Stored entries
____________________

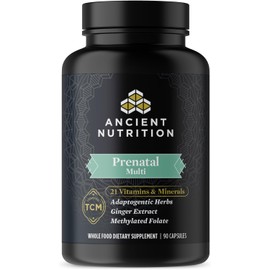 Ancient Nutrition Prenatal Vitamins, Multivitamin for Women with Vitamin C, B12, Magnesium and Folate, Supports Pregnancy and Fertility Health, 90 Ct
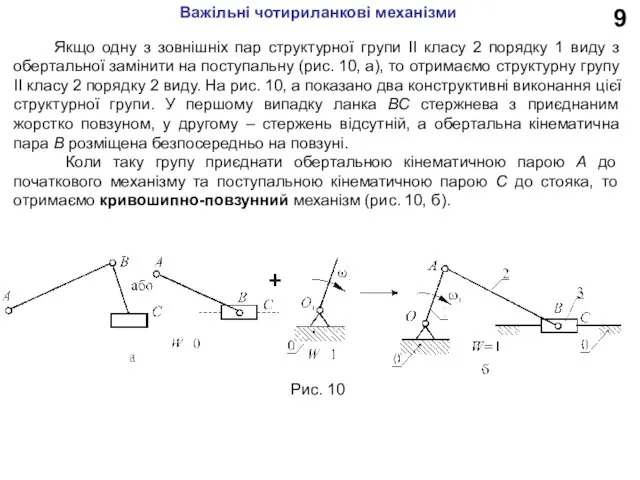 9 Важільні чотириланкові механізми Якщо одну з зовнішніх пар структурної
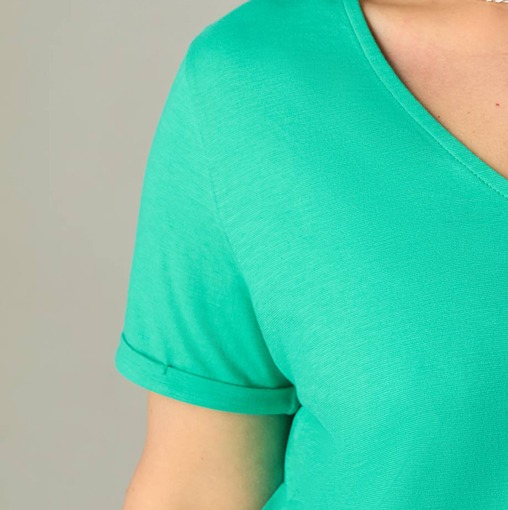 Green Cotton Slub V-Neck T-Shirt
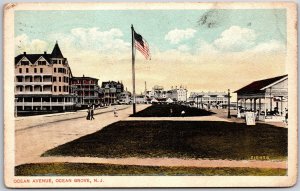 Ocean Grove New Jersey, 1918 Ocean Avenue Roadway Street Scene, Vintage Postcard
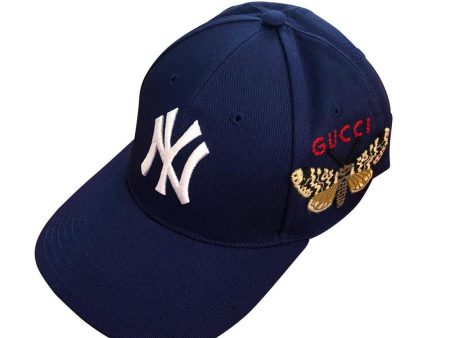 Gucci 538565 Moth Unisex Blue Fabric New York Yankee Apllicated Baseball Hats (GGH1001) Online Hot Sale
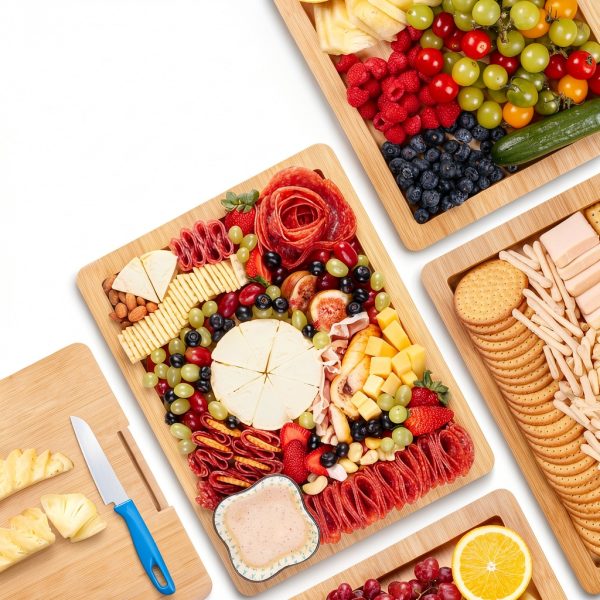 CAWIU Charcuterie Board Bamboo Modern Portable-3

____________________

Your instructions
Would you please set down the data above again exactly, without its pictures?

Task output
 Ancient Nutrition Prenatal Vitamins, Multivitamin for Women with Vitamin C, B12, Magnesium and Folate, Supports Pregnancy and Fertility Health, 90 Ct
 9 Важільні чотириланкові механізми Якщо одну з зовнішніх пар структурної
 Green Cotton Slub V-Neck T-Shirt
 Ocean Grove New Jersey, 1918 Ocean Avenue Roadway Street Scene, Vintage Postcard
 Gucci 538565 Moth Unisex Blue Fabric New York Yankee Apllicated Baseball Hats (GGH1001) Online Hot Sale
 CAWIU Charcuterie Board Bamboo Modern Portable-3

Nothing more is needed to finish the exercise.